Sandy pulls out his now familiar crumpled itinerary.
“Nah,” he says. “How about one more stop?” Then: “Yo, Kent. Can you take us to the outskirts of town?”
• • •
The outskirts of town. It sounds like something you’d hear in a Western. Or maybe a romance.
Funny, there are a whole bunch of other people hanging out on the outskirts of town.
“What’s everyone here for?” I ask. “What’s the big attraction?”
“Only that.” Sandy points.
And that’s when I see it: the sun setting over the city of Tucson, a whole array of amazing colors trailing across the sky. I watch, we all do, until the sun disappears entirely.
It’s so beautiful.
“I guess we go now?” I say with a sigh.
“No,” Sandy says. “Now we wait.”
“For?”
If I’ve learned one thing today, though, it’s that there’s not much point in arguing with Sandy. So I wait, and surprisingly, all the other people on the outskirts of town wait too, staring up at the sky. Maybe they know something I don’t?
With the sun gone, the sky gradually darkens. And as it does, stars begin to wink, slowly at first and then so rapidly until there are more stars in the sky than I’ve ever seen in my life.
“Pretty amazing, huh?” Sandy says, sounding pleased with himself. Well, who can blame him?
“It’s like being in an observatory,” I admit, “but you don’t need a telescope.”
“Okay, great,” Sandy says, his voice turning all businesslike, as he proceeds to instruct Drew, “now kiss her.”
“What?” we both cry.
Well, at least we finally agree on one thing.
“Go on.” Sandy pulls out his iPhone, holds it in our direction to frame the shot. “Kiss her.”
“Didn’t you tell him . . .?” I start to hiss at Drew. Then quickly, I look around us to see if anyone’s heard, but everyone else is too busy staring at the stars. “That we’re not together anymore?”
“I told him,” Drew says, with a shrug like: But what do you expect? The guy’s crazy.
“Yeah, yeah, I know all that,” Sandy says. “But all those other pictures you’ve been taking of yourselves as a couple—sightseeing this, sightseeing that, occasionally with your arms around each other—it’s all nice and stuff. But don’t you think all your fans out there would like to see something real? You know, one of the guy kissing the girl?”
I don’t know what comes over me, but I don’t wait for Drew to decide what the right thing to do is. Instead I reach up, grab him by the T-shirt with both fists, pull his face toward mine, and plant my lips on his before he can resist.
As Drew slides his arms around my waist to pull me closer, for the briefest of minutes while we perform just for the camera, I feel like something’s been righted in my world. How I’ve missed this: the feeling of his body pressed next to mine, the feeling that he is mine. And oh, how I miss those kisses. How I wish things still were the way they used to be, when we kissed not for the cameras, but just for us.

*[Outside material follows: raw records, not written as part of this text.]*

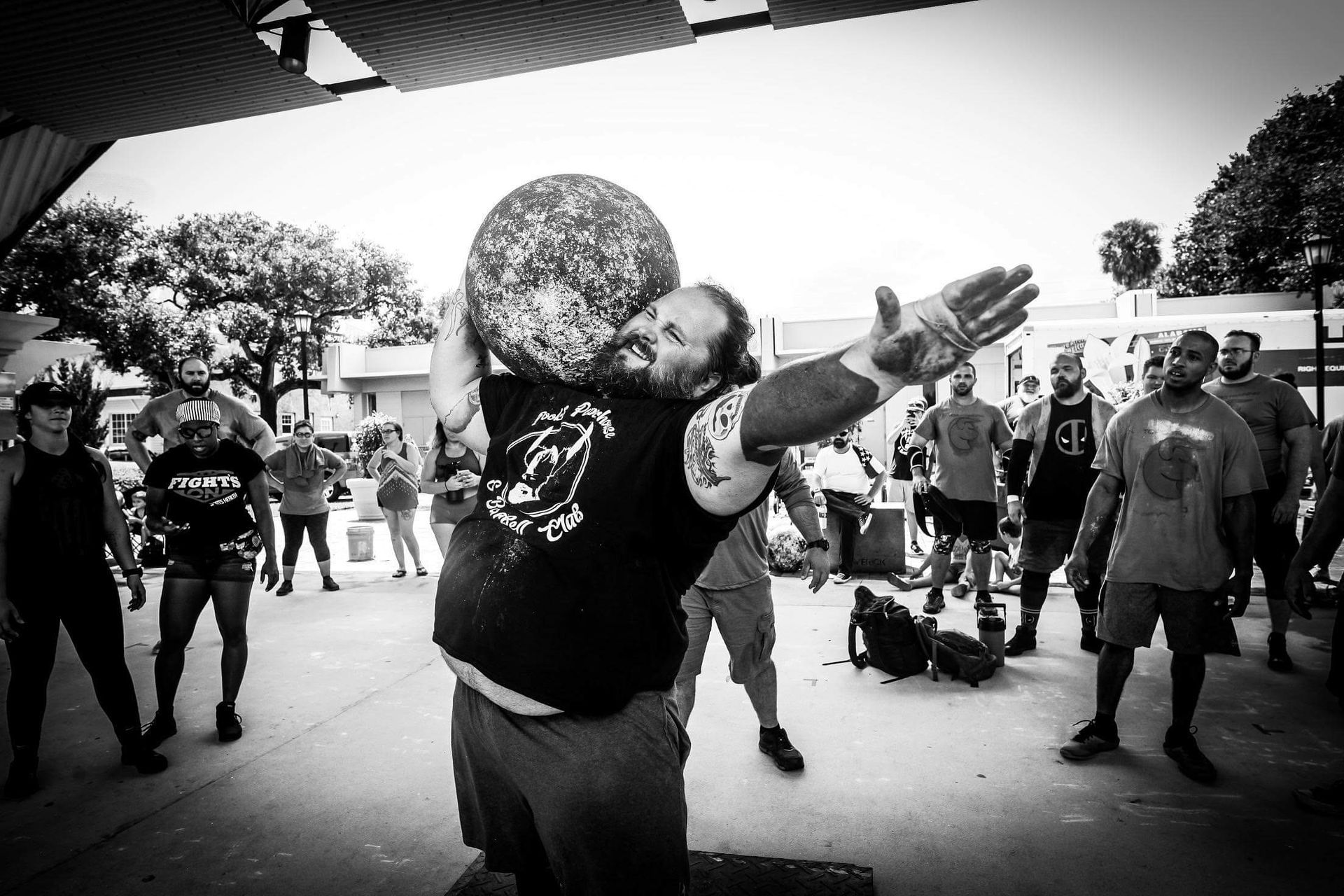 Strong Man Lifting A Big Tire — St. Augustine, FL — Amp Hardcore Gym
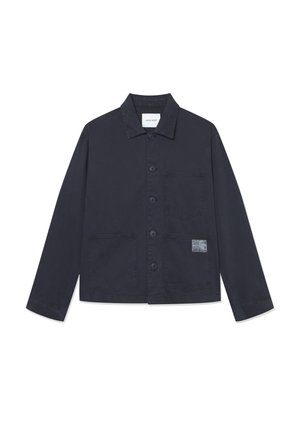 Navy blue cotton jacket with a collar, front button closure, two large pockets, and a textured patch detail on the left pocket.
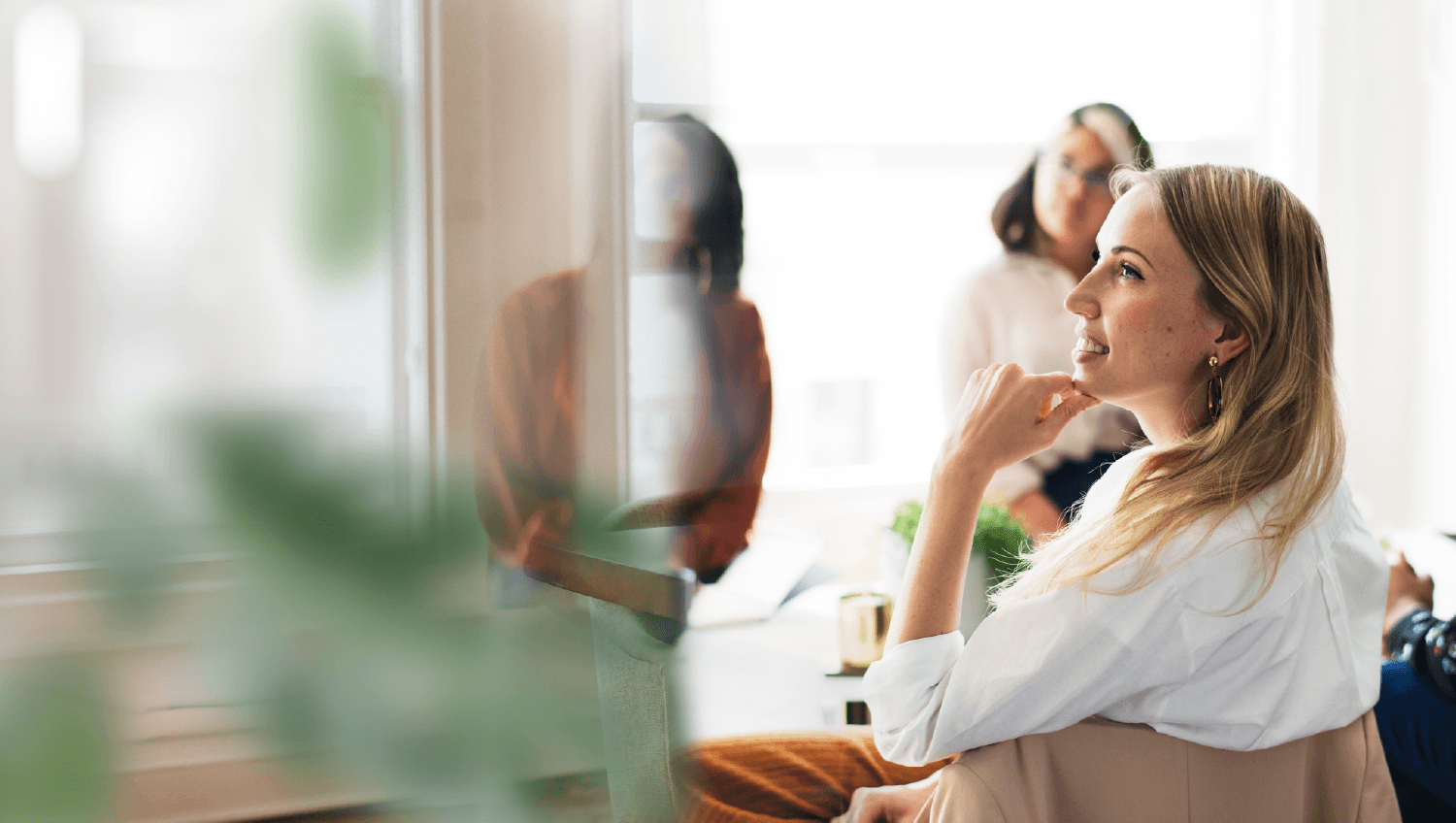 Women listening to a presenter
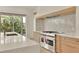 Bright kitchen with stainless steel stove, marble countertops, and a large window overlooking a green landscape at 5753 Brendlynn Dr, Suwanee, GA 30024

So caught up am I in longing for the person who’s right next to me, I’m only vaguely aware of the sound of the camera clicking:
Snick.
Snick.
I’ve heard that sound before.
DREW
Election night.
Yes, it’s finally here.
The first returns are scheduled to come in at seven, with Georgia, Indiana, Kentucky, South Carolina, Vermont, and Virginia reporting, and we’re all gathered in our hotel in Hartford. My mom, Dad, the twins, Clint, Ann, and all the staffers who can cram into the penthouse suite. My mom wanted to watch from home, but Ann said it would be better to do it from Connecticut’s capital city, so we could use the ballroom downstairs when the final results are in. As it happens, the Willfield campaign has made the same choice. Only they’re installed in the hotel across the street.
You need two hundred and seventy of the electoral votes to win a presidential election in the United States. Two hundred and seventy—that’s the magic number. If my mom reaches that, we’ll go down to the ballroom for the most hectic party ever and thousands upon thousands of red, white, and blue balloons will be released from nets hanging from the rafters. If she loses? The balloons will stay in their nets and it will be a much more sober affair as she gives her concession speech.

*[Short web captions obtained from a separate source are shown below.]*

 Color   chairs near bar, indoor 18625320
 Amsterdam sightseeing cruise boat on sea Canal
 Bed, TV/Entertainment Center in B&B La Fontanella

Even though it’s just six, with those first returns still an hour away, we’re already glued to the TV. Who knew that finding out who the next Leader of the Free World is going to be could be so fascinating? I didn’t. But I do now.
Which is why it takes me a minute to realize that my iPhone is vibrating against my leg.
When I pick it up, I see it’s a text from Sandy.
It’s funny. In a way, back at the Democratic Primary celebration, this all began with a text from Sandy, so it’s somehow fitting that it should end this way too. I read what he’s written:
It was never her.
I type back: What r u talking about?
Him: Katie.
Me: What?
Him: Thing @ ur dad.
Me: What???
Him: Watch TV. Soon every1’ll know.
I have no idea what he’s talking about, but I look up at the TV screen and sure enough, there’s a special bulletin crawling across the bottom of the screen. Can it be some of the returns already? But no. I look at the countdown clock and that’s still a ways away. So I look back at the special bulletin to see the final words of it: . . . from the Treadwell campaign. What is this? But no sooner does the crawl end than the talking heads start talking about what this is.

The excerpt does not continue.